*Information shown:*

▬▬▬▬▬▬

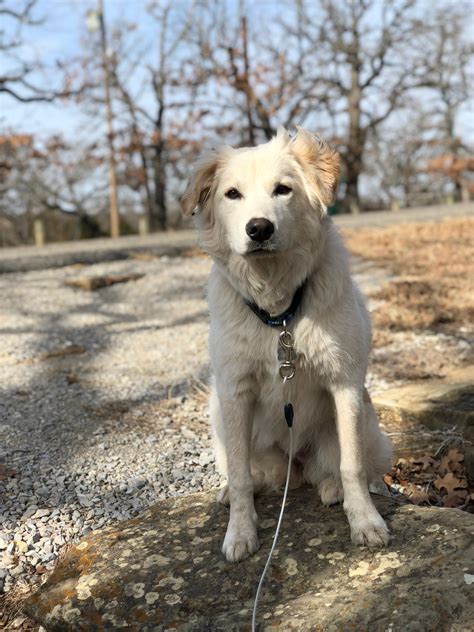 1 year old rescue. Golden Retriever mix or Great Pyrenees? Neither ...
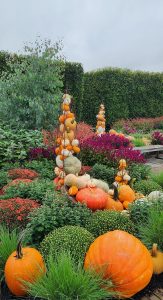 Pumpkins Tuteurs and Mums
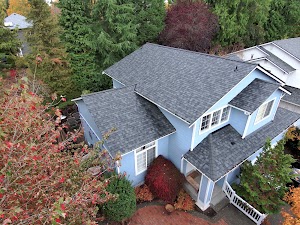 Orca Roofing & Exteriors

▬▬▬▬▬▬

Take the lines from the one containing "Pumpkins Tuteurs and Mums" through the last line of the listing and repeat them exactly. Omit the pictures.

 Pumpkins Tuteurs and Mums
 Orca Roofing & Exteriors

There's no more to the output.